The Army Corps of Engineers could begin closing the Bonnet Carré Spillway in two-to-three weeks.
Officials tell Eyewitness News that the closure will begin when the river goes down to 15.5 feet at the Carrollton Gage. Crews will be able to safely begin closing the bays once the river reaches that level.
Based on the forecast from the National Weather Service, that should happen in the second or third week of July.
Army Corps of Engineers officials tell us that the closing will not be a quick operation since there is still a tremendous amount of water in the river.
Unprecedented flooding raised the river level so high that for the first time ever, the Army Corps of Engineers opened the Bonnet Carré spillway twice in one year.
The prolonged opening flushed out Lake Pontchartrain’s brackish water, hurting the local seafood industry.
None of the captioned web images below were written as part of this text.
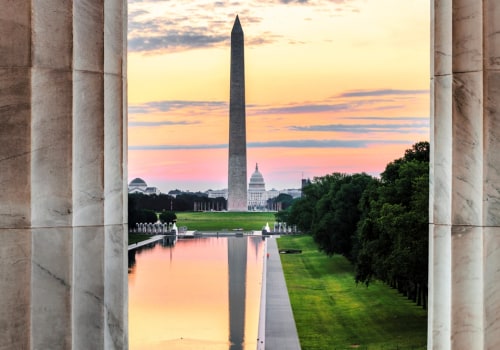 Discovering the Timeless Charm of Washington DC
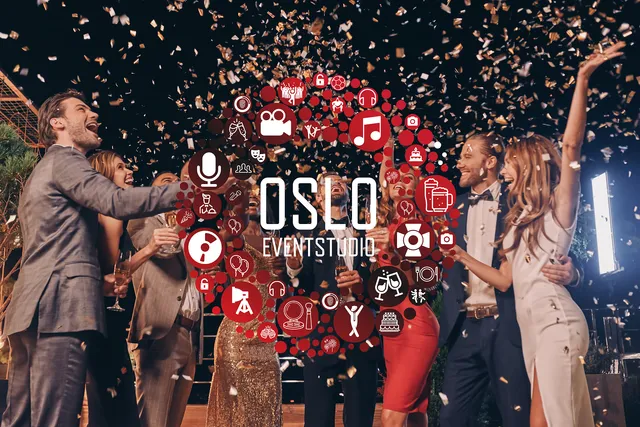 Oslo Event Studio
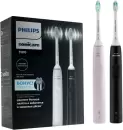 Комплект зубных щеток Philips Sonicare 3100 series HX3675/15 icon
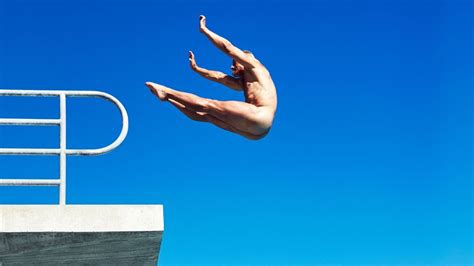 Highlights from day 10 at the nanjing 2014 youth olympic games with the men's 10m platform diving event's preliminary rounds. Olympics - 1984 - L A Games - Diving - Mens 10m Platform ...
Gov. John Bel Edwards asked the federal government to declare a fisheries disaster for Louisiana.
Louisiana's oyster harvest is 80% below average for this time of year and more oysters are expected to die as temperatures rise, according to a preliminary report on the department's website. Shrimp landings were down 63% and blue crab landings down 45% in April from the five-year average. There's been a drop in the fish catch, but it hasn't reached the statewide average of 35% needed for a federal fisheries disaster declaration, the report says.
The opening may also be contributing to algae blooms affecting Lake Pontchartrain and the Gulf coast. The algae and shut down several beaches due to the health risks it poses and even thrown off the food chain in the areas it has taken hold.